*** Data under study ***

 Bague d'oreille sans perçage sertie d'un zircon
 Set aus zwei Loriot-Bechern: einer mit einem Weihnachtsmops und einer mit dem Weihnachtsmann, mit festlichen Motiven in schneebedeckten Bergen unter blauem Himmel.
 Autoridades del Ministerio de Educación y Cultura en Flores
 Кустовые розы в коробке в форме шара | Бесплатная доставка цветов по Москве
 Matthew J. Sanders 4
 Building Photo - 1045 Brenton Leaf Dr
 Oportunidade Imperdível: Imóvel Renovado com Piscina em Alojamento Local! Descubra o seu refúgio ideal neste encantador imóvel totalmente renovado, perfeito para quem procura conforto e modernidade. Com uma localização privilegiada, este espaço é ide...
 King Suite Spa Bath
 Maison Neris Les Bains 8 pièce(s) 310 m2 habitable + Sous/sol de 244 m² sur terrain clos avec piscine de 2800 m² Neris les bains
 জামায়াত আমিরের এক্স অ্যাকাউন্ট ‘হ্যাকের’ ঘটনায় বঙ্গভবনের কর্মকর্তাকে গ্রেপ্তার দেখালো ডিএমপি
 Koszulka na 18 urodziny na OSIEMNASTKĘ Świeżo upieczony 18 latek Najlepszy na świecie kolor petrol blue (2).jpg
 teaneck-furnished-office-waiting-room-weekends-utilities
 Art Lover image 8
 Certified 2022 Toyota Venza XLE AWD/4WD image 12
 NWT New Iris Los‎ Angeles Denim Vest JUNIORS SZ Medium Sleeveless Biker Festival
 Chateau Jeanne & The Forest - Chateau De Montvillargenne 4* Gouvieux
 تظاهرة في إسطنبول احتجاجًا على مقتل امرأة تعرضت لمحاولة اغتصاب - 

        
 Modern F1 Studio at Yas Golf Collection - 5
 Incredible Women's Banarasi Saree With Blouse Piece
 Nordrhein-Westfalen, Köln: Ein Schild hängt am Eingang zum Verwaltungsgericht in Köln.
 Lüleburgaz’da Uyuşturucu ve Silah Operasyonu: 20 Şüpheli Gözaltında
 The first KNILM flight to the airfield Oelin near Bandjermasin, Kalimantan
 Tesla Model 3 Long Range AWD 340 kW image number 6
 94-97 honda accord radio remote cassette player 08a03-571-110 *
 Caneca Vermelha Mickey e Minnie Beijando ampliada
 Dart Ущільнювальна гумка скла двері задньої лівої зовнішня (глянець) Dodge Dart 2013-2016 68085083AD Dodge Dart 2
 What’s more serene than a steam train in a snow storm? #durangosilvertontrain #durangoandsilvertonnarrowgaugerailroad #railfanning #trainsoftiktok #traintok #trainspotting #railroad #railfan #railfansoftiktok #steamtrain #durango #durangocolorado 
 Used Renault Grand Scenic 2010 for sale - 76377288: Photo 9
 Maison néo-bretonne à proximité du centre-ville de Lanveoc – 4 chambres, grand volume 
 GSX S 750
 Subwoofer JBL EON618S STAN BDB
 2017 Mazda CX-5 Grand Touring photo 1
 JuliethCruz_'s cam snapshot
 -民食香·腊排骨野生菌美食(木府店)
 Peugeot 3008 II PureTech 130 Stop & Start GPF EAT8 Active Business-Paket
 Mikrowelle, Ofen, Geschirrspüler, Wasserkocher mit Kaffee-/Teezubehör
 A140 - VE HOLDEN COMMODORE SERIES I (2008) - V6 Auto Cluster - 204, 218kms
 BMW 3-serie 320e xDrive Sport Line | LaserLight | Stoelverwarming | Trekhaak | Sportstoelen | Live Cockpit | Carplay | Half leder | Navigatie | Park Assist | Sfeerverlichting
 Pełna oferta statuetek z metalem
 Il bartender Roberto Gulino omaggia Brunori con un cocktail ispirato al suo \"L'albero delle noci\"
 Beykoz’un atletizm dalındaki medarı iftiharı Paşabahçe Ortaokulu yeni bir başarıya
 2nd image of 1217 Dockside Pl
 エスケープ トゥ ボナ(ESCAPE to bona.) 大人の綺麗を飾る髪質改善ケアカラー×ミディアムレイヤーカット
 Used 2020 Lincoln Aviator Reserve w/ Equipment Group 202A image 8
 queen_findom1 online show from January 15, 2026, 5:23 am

*** End of Data under study ***

→ Your goal
Reproduce the lines above, beginning at the line with "Modern F1 Studio at Yas Golf Collection - 5" and stopping after the line with "Beykoz’un atletizm dalındaki", exactly as they are.

→ Result for this task
 Modern F1 Studio at Yas Golf Collection - 5
 Incredible Women's Banarasi Saree With Blouse Piece
 Nordrhein-Westfalen, Köln: Ein Schild hängt am Eingang zum Verwaltungsgericht in Köln.
 Lüleburgaz’da Uyuşturucu ve Silah Operasyonu: 20 Şüpheli Gözaltında
 The first KNILM flight to the airfield Oelin near Bandjermasin, Kalimantan
 Tesla Model 3 Long Range AWD 340 kW image number 6
 94-97 honda accord radio remote cassette player 08a03-571-110 *
 Caneca Vermelha Mickey e Minnie Beijando ampliada
 Dart Ущільнювальна гумка скла двері задньої лівої зовнішня (глянець) Dodge Dart 2013-2016 68085083AD Dodge Dart 2
 What’s more serene than a steam train in a snow storm? #durangosilvertontrain #durangoandsilvertonnarrowgaugerailroad #railfanning #trainsoftiktok #traintok #trainspotting #railroad #railfan #railfansoftiktok #steamtrain #durango #durangocolorado 
 Used Renault Grand Scenic 2010 for sale - 76377288: Photo 9
 Maison néo-bretonne à proximité du centre-ville de Lanveoc – 4 chambres, grand volume 
 GSX S 750
 Subwoofer JBL EON618S STAN BDB
 2017 Mazda CX-5 Grand Touring photo 1
 JuliethCruz_'s cam snapshot
 -民食香·腊排骨野生菌美食(木府店)
 Peugeot 3008 II PureTech 130 Stop & Start GPF EAT8 Active Business-Paket
 Mikrowelle, Ofen, Geschirrspüler, Wasserkocher mit Kaffee-/Teezubehör
 A140 - VE HOLDEN COMMODORE SERIES I (2008) - V6 Auto Cluster - 204, 218kms
 BMW 3-serie 320e xDrive Sport Line | LaserLight | Stoelverwarming | Trekhaak | Sportstoelen | Live Cockpit | Carplay | Half leder | Navigatie | Park Assist | Sfeerverlichting
 Pełna oferta statuetek z metalem
 Il bartender Roberto Gulino omaggia Brunori con un cocktail ispirato al suo \"L'albero delle noci\"
 Beykoz’un atletizm dalındaki medarı iftiharı Paşabahçe Ortaokulu yeni bir başarıya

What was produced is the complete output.